A Republican senator leading the charge on updating little-known investment rules designed to protect national security said that he will soon introduce a bill aimed at reining in potentially dangerous deals done by China.
Senator John Cornyn, a member of the Republican leadership who is on the Senate Intelligence Committee, told the Council on Foreign Relations on Thursday that he was concerned by China's attempts to ensure that its military catches up to the U.S. Defense Department in terms of technology.
"China is using every tool at its disposal to close the technology gap between the United States and that country, and in the process, to eliminate our military's technological advantage," he said in his speech. Cornyn's office provided Reuters with a copy of the address on Monday.
To combat this, Cornyn plans to introduce a bill in Congress that would update the Committee on Foreign Investment in the United States, or CFIUS, an interagency panel led by the Treasury Department that reviews proposed transactions to ensure they do not pose a challenge to national security.
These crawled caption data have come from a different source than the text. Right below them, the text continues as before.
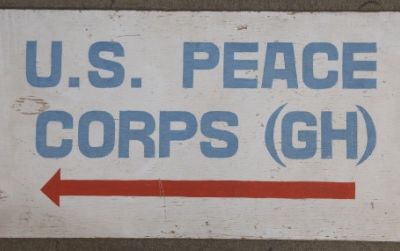 Sign from the Peace Corps' first office in Ghana
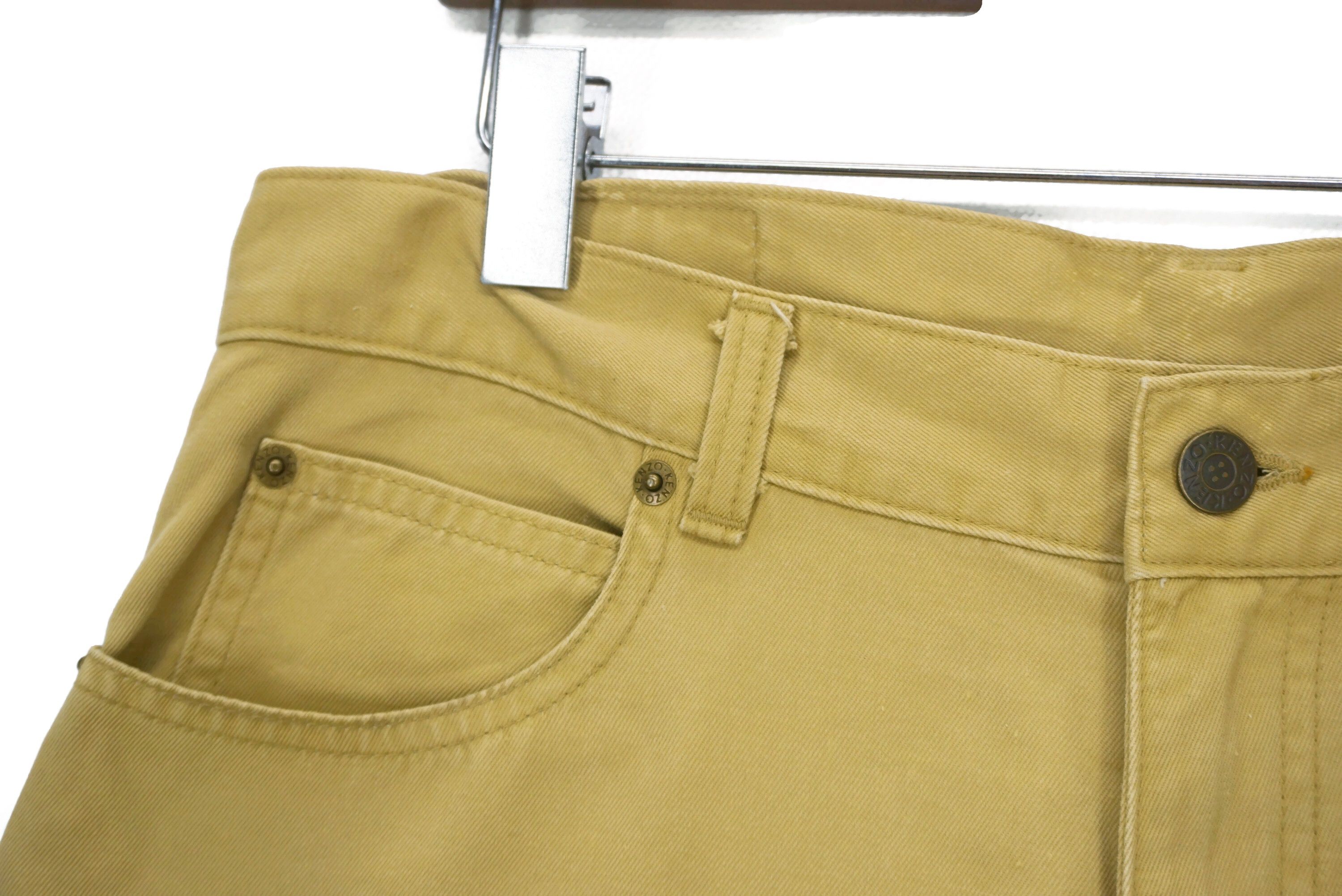 Japanese Brand Vintage Kenzo Jeans fits W33xL35.5 High Waisted Pants Size US 31 - 4 Thumbnail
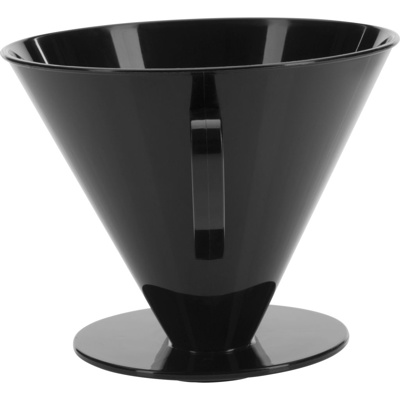 Koffiefilterhouder 1x2 Zwart Koffiefilterhouder 1x2 Zwart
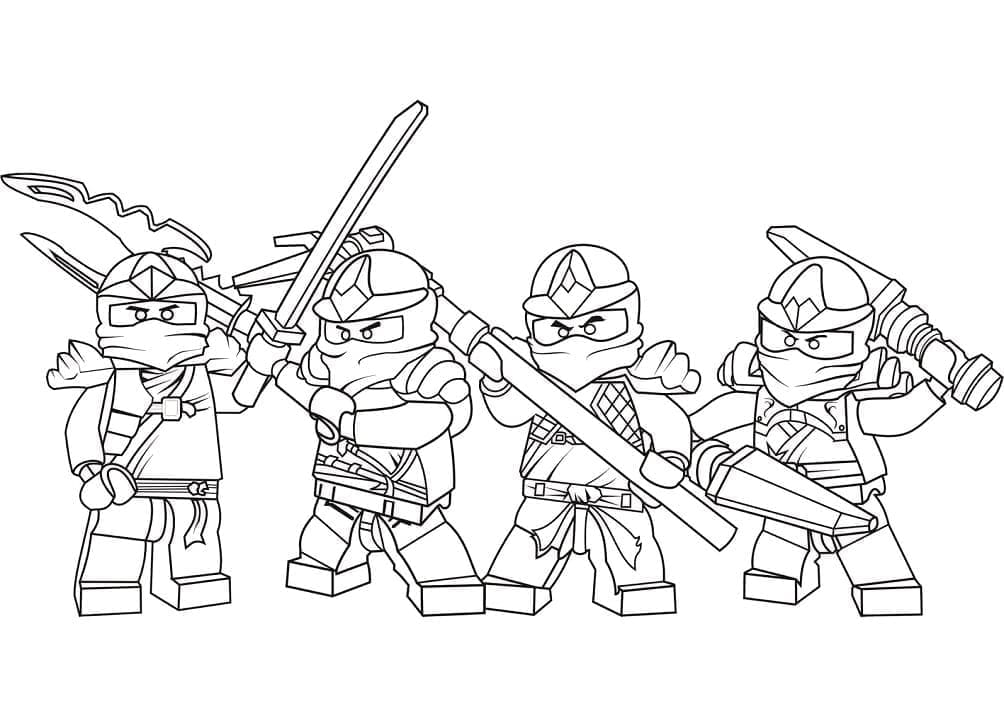 Desenho de Lego Ninjago Zx para Colorir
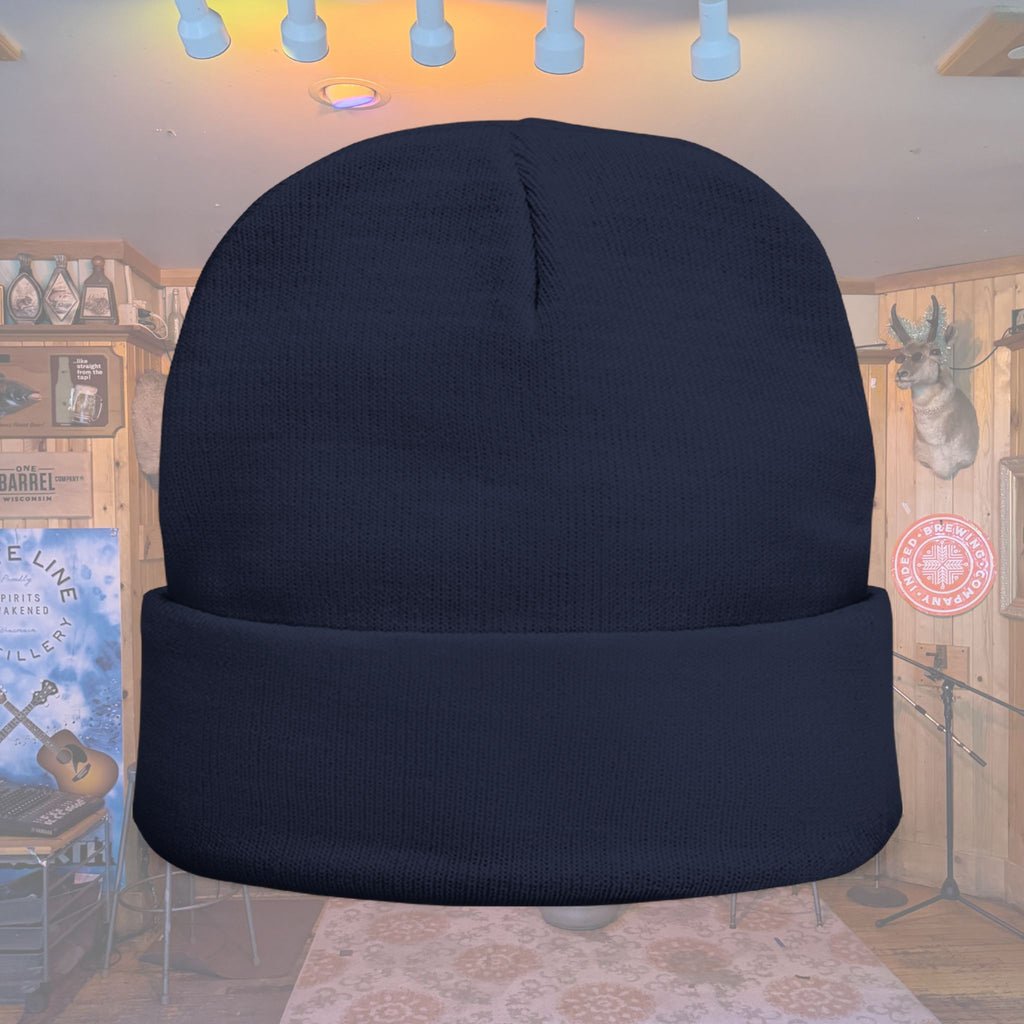 Embroidered Knit Beanie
The law firm Covington and Burling LLP, which follows CFIUS, said in a note after the speech that it believed that Cornyn's proposed legislation "may ultimately become law."
"Senator Cornyn is among the most influential members of the Senate, and there appears to be an emerging bipartisan consensus that CFIUS should be strengthened," the firm said in an analysis on Friday.
Cornyn said the legislation would be called the Foreign Investment Risk Review Modernization Act, and would ensure that CFIUS focuses its investigations on countries which pose the biggest threat to the United States.
It would also give CFIUS the authority to look at a broader range of deals, including joint ventures based outside the United States and smaller, minority-position investments which would give the investing companies access to sensitive information, Cornyn said.
Cornyn's office did not respond to a query on Monday regarding when the bill would be introduced.
CFIUS already has a reputation for being tough on high-tech deals, and has been known in particular to block transactions that involve sophisticated semiconductors.
The bill will not expand the committee, which will disappoint those who had pushed for the Agriculture Department to become a member of the panel.